Architecture Engineering Planning Forensic Services

Foundation Wall Collapse

On July 15, 2003, while a sub-contractor was backfilling earth around a residence under construction in Morris, Illinois, the entire concrete foundation wall collapsed inward into the basement area. The collapse encompassed the entire length of the 9'-0 " high south wall for a distance of approximately 62'-0" and resulted in severe cracking of the adjoining east wall and partial collapse of the 1st floor framing subfloor and several wood stud walls set onto the 1st floor deck.

Accounts of the event indicated that backfilling had been delayed for several weeks due to considerable rainfall after the foundation formwork had been stripped and the 1st floor framed. In addition, a severe rainfall during the previous night resulted in additional water alongside the foundation wall.
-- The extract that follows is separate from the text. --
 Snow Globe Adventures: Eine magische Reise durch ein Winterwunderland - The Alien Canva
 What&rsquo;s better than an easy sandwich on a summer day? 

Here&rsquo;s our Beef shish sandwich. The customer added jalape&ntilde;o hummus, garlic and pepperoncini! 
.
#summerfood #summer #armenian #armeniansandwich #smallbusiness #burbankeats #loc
It was known that the excavator was endeavoring to "push" the collected water to one end of the excavation and then displace it with earth fill rather than removing it prior to the backfilling operation.

Ten days after the accident, we inspected the exterior of the remaining construction and the basement areas below the collapsed deck and adjacent to the overturned foundation wall, as well as the construction drawings for the new home and test results for the concrete used in the wall.
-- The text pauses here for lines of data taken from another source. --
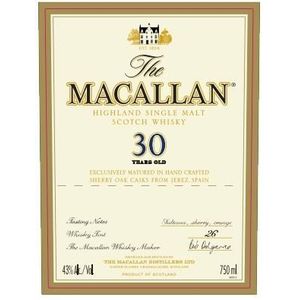 NV Macallan, Highland Single Malt Sherry Oak Cask 30YO Bottled 2024, Speyside 1x75cl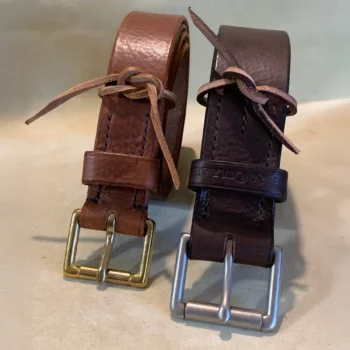Leather Belt - Classic Roller Buckle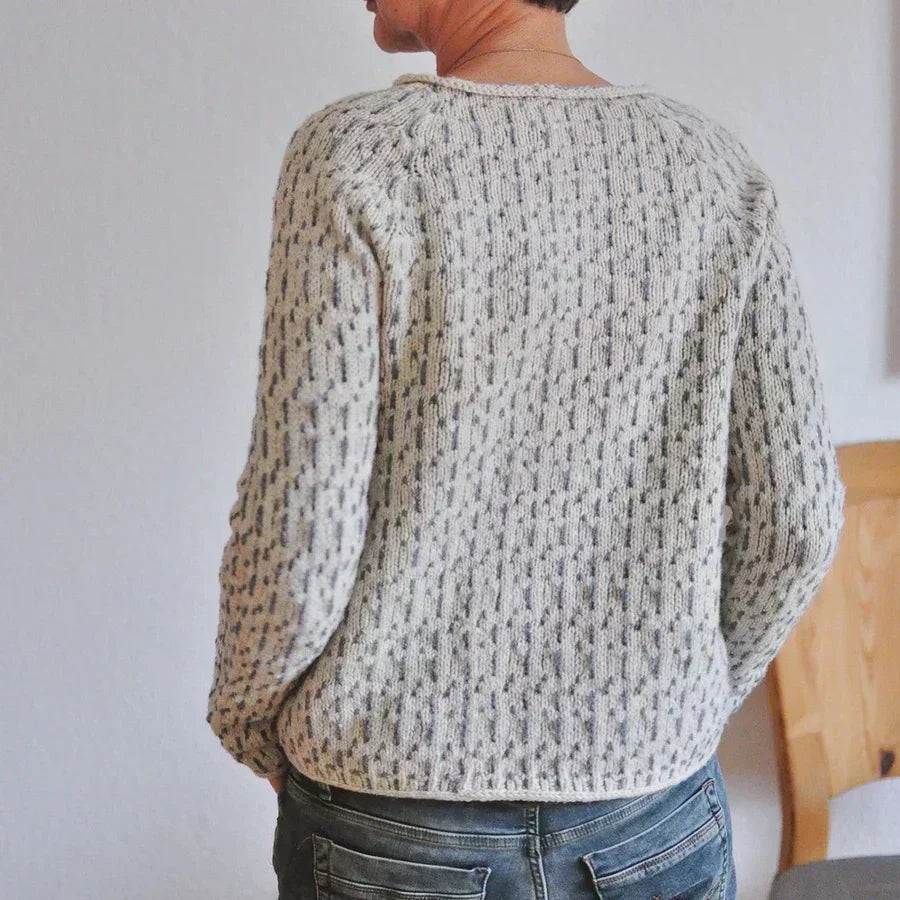 Strickpullover Damen | Strukturiert & Kastiger Schnitt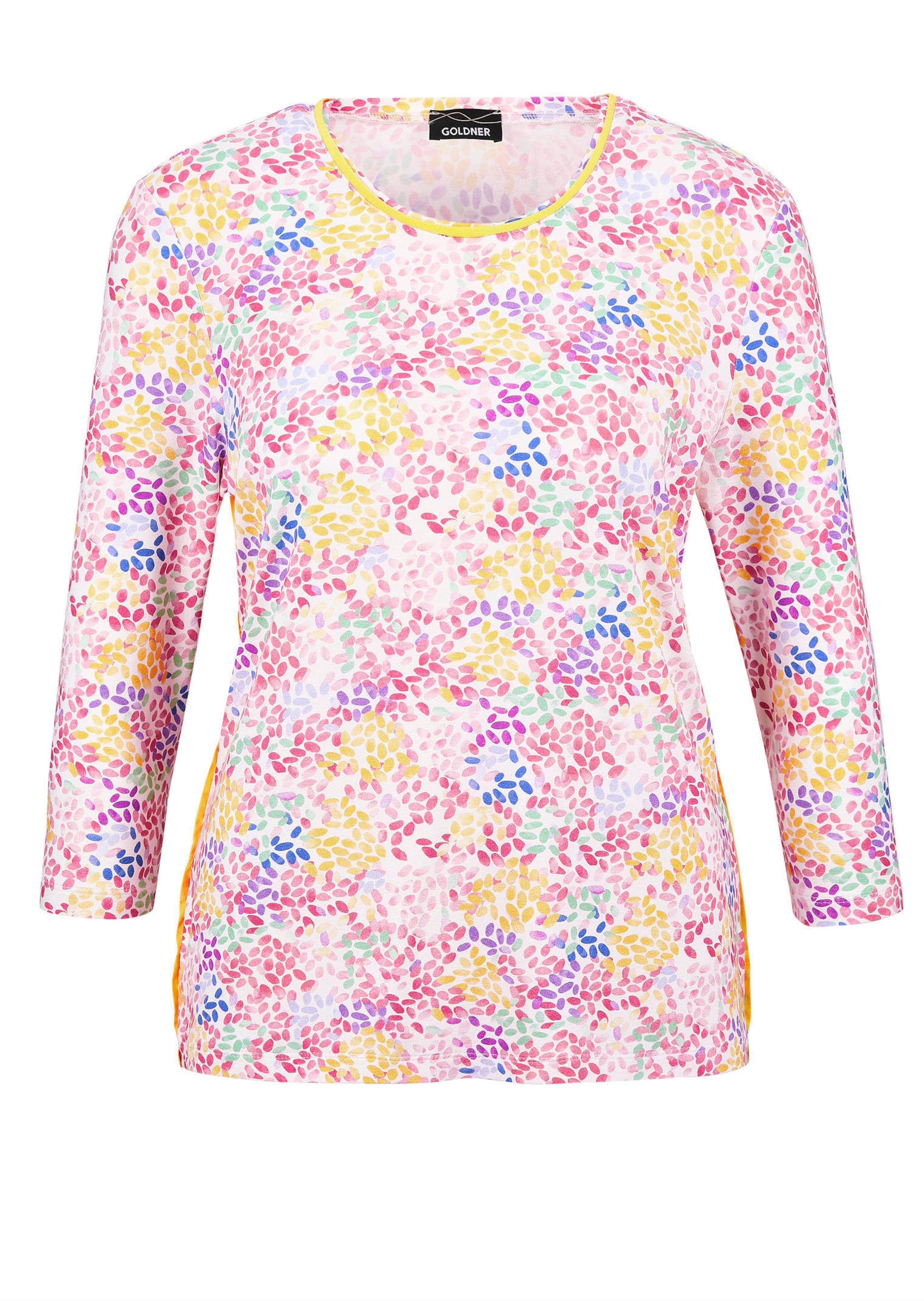 T-shirt avec imprimé intégral multicolore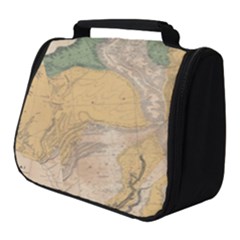 Vintage World Map Physical Geography Full Print Travel Pouch (small) by Sudheng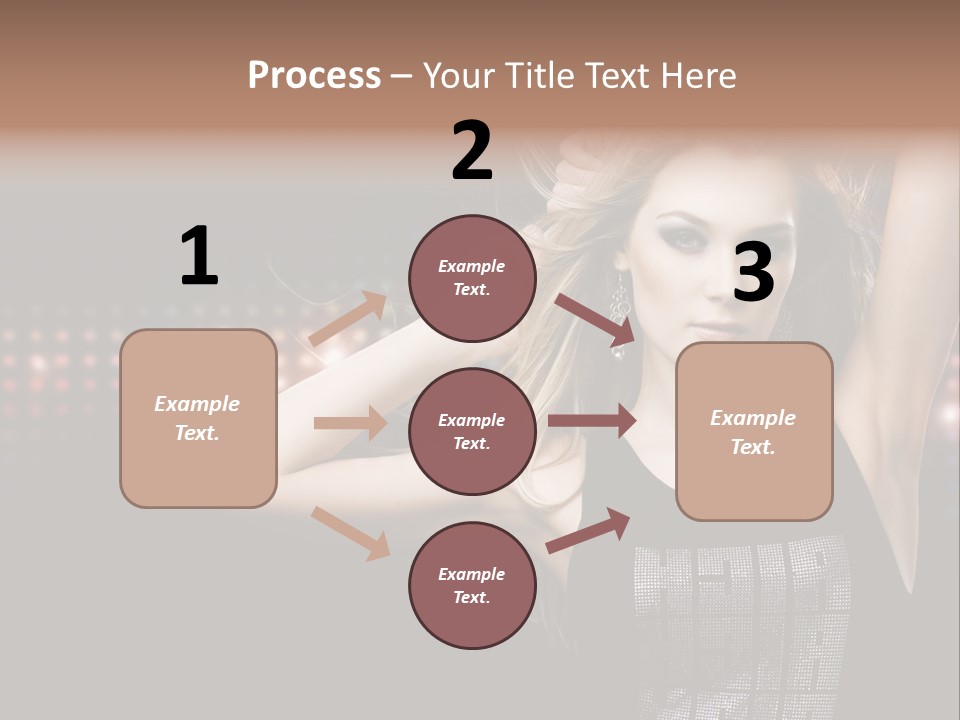 Performer Posing Young PowerPoint Template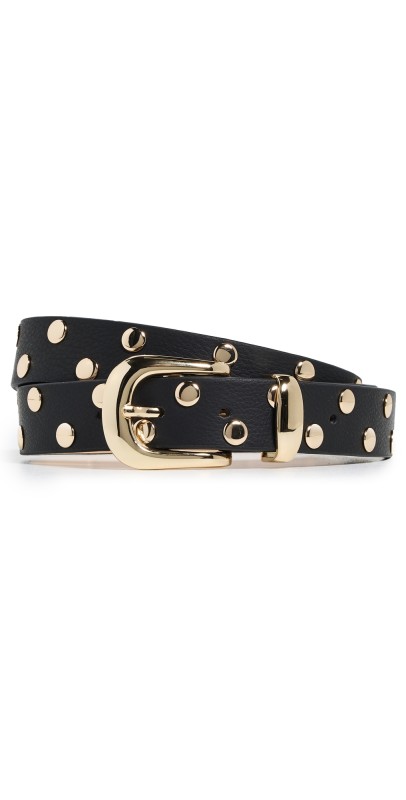 B-Low The Belt Juniper Studded Belt Black/Gold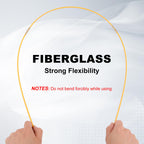 Boeray 22FT Fiberglass Running Electrical Wire Cable Pulling Fish Tape kit in a Carrying Case Through Wall Cable Snake Rods Electrical Tools Kit with Different Attachments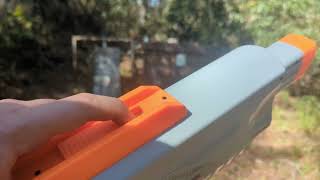 Splatball 375 Gel Blaster Review And Shooting Test [upl. by Gnehs902]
Based upon our analysis and review of site and documents, we found that that:

• The backfilling operations should never have been conducted given the extreme saturation of the soil that had imposed a much larger horizontal force upon the wall than might have occurred with a dry or well-drained soil.

• The impact of the soil being pushed into the excavation plus the weight of the saturated soil and the added machinery load moving along the wall resulted in a horizontal force that caused very large shear and bending forces in the wall

• The concrete foundation wall was inadequately reinforced at the corners and around openings and could not resist the large imposed loads.
• The foundation wall had been increased in height and length by the builder, but with only an increase in thickness and without any engineering analysis of this change and without the addition of any horizontal and vertical reinforcement.

• The concrete used was weaker than the minimal strength for such an application.

• The excessive loads caused both shear and tension failure in the inadequately designed and constructed wall that progressed from initial failure at the corners to the subsequent overturning and displacement of the entire foundation wall.

• The presence of the wood framing and deck may have slowed or somewhat resisted this horizontal collapse, but the extreme loads and the sudden collapse as the weak concrete failed could not be resisted by either the nails or the entire deck diaphragm.

Our report and detailed findings and analyses resulted in initial decision by the builder's insurer to have the entire structure demolished and to pay for reconstruction. We were also engaged to appear in an expert witness capacity involving subsequent legal action between the builder, contractor, excavator, concrete contractor and their various insurers.